Review of The Civil Advocacy Skills Book (Conway and McCann)

by Tom Johnston (review editor: David J Dickson)

The Civil Advocacy Skills Book

Ronald E Conway and Bridget McCann, with Claire Anne McFadden

PUBLISHER: CONCANN PRODUCTIONS LTD

ISBN: 978-0993184802

PRICE: £20

A veteran caddie at the Old Course in St Andrews, himself a keen golfer, was once asked how much his game had improved by watching the world’s best close up. His response was that he learnt far more from the shortcomings of the average duffer. He almost certainly would have scoffed at the notion that practical skills can be taught in a book. But, then again, he hadn’t read this one.

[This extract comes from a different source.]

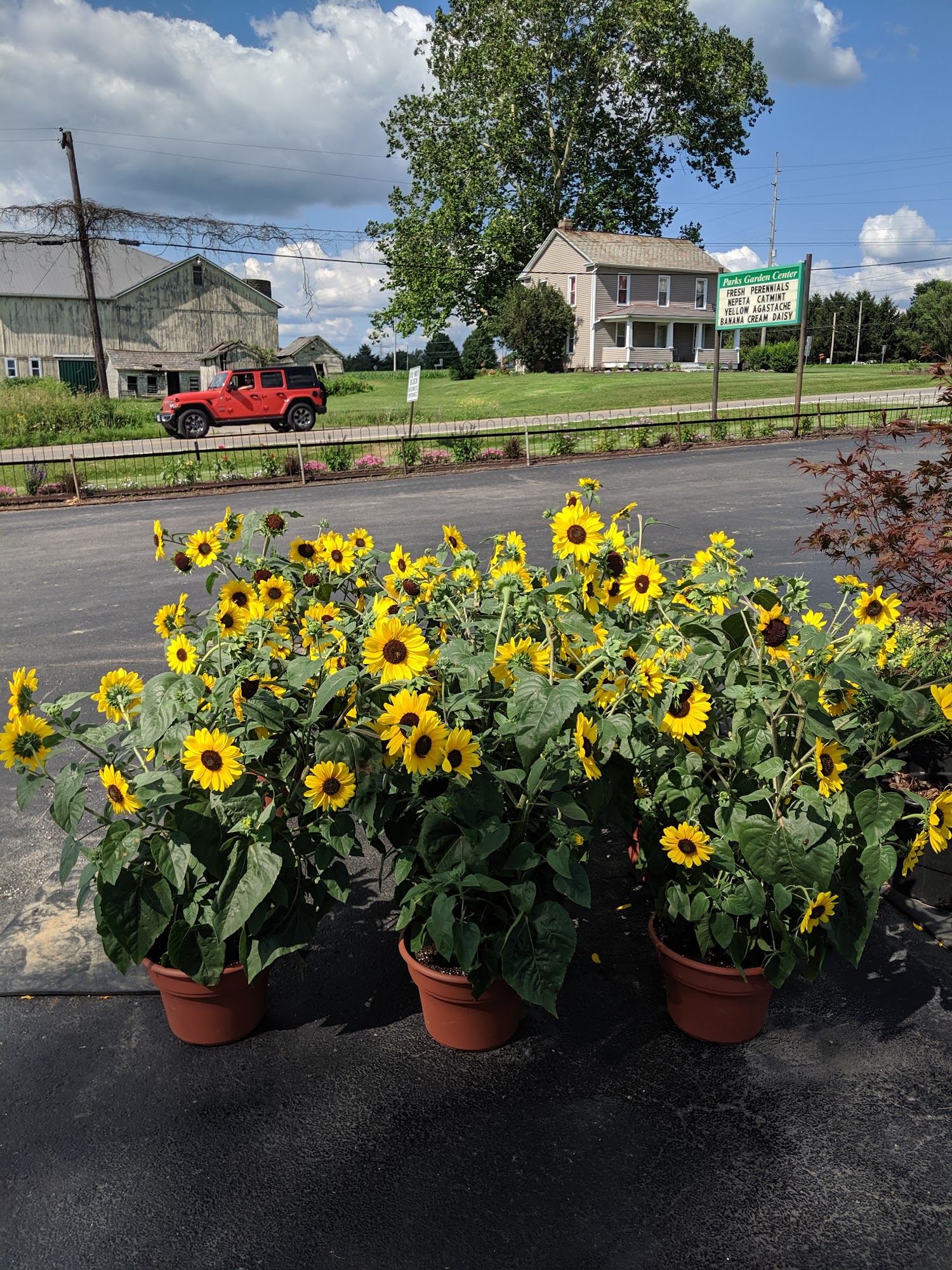 Parks Garden Center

What the authors are trying to pass on are practical tips to enable a lawyer at almost any level to develop and improve his or her advocacy skills. In his introduction Ronnie Conway points out that it is a mistake to assume that natural advocacy cannot be improved on. Indeed, with the decline in reading aloud, debating societies and opportunities for formal presentation, some of today’s newly qualified lawyers may have had fewer opportunities to practise these than their predecessors. But, as he continues, advocacy is something which can be learned by anyone with the necessary inclination and determination. Recognising the limitations of a book, he points out that, “like a tennis forehand you cannot simply acquire this skill simply by reading about it or by playing things over in your head”.

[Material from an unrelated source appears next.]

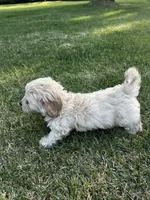 Cream Boy, a male Maltese and Miniature Dachshund for sale in Greenville, SC – 5 of 7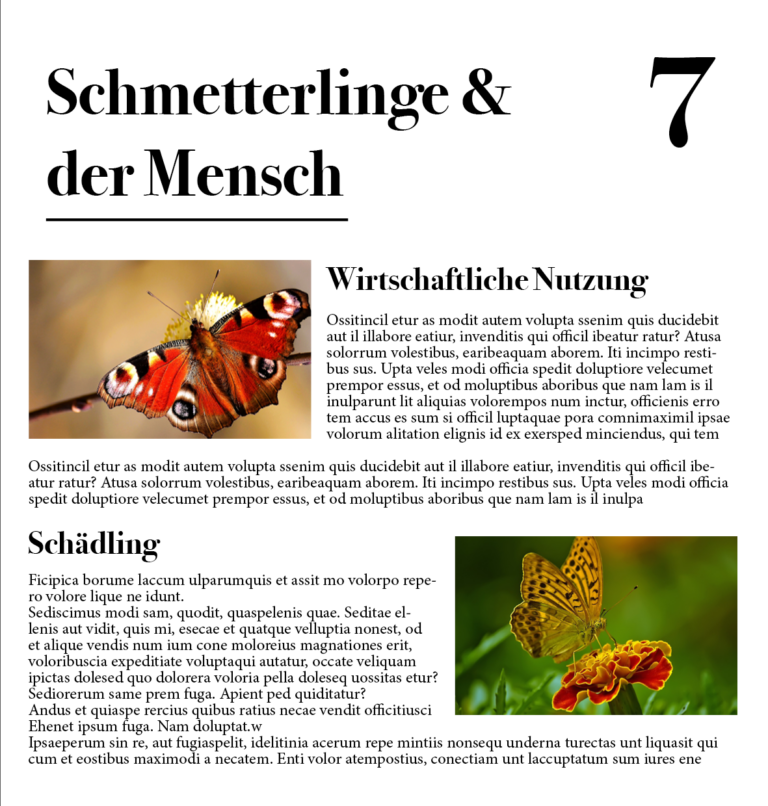 FriesenEl_Schmetterling7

What makes this book different is the collaboration between Conway, an experienced solicitor advocate, and Bridget McCann. Having worked for years with lawyers on presentation skills, she brings to bear her experience as a successful actor, trainer and consultant. What makes it unique in my experience is the use of QR apps to take the reader to the relevant exercise on her website.

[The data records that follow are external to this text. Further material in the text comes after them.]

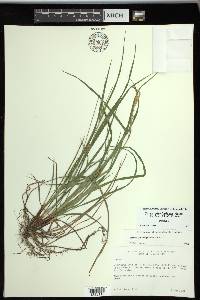 Carex planispicata image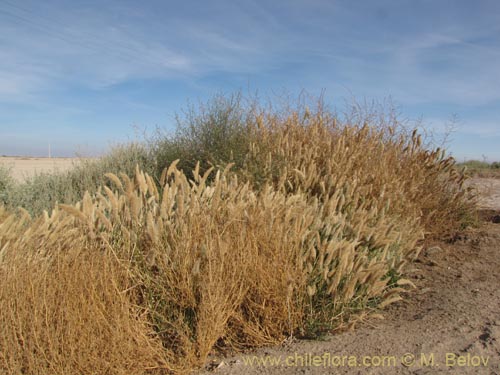 Imágen de Planta no identificada sp. #3146 (). Haga un clic para aumentar parte de imágen.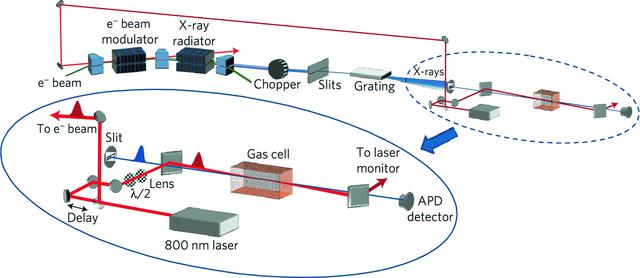 [Figure 13]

Probably the only quibble I have about the whole work is with the introduction itself. Conway downplays his personal input, which is quite superb. From simple checklists to expert tricks of the trade, and a wide ranging but concise exposition of the arts of examination and cross examination, the book is packed with valuable stuff. Claire Anne McFadden adds a little more of the same, highlighting the differences of approach which are essential in the area of family based litigation – one where, one suspects, more unhappiness is caused by our profession than by the actual breakups themselves.

Where were the Bridget McCanns when my generation was starting off? All of the comments which her consultees have made to her concerning the physical and mental terrors which they experienced in their early litigation days bring back vivid memories. She describes the advocacy part of the job as being among the “soft skills”, ones which cause the most anxiety, but get the least attention. How true. She deals with breathing and posture. She points out, correctly, that while actors spend years in voice training, litigators traditionally spend none. Speed, pitch, tone and accent are all addressed. In the case of the latter, the message is leave well alone, but do work on your grammar if it’s faulty. While it might be easy to scoff at an exercise entitled “The Flower and the Candle”, try it for yourself and feel the benefit. If you have ever come home hoarse after a full-on day in court, consider that you may not have done proper warm-up exercises or looked after the important muscles you have been abusing.

Add to all of these plus points an excellent little bibliography, and appendices full of top tips, and the net result is a book which is terrific in both content and value for money.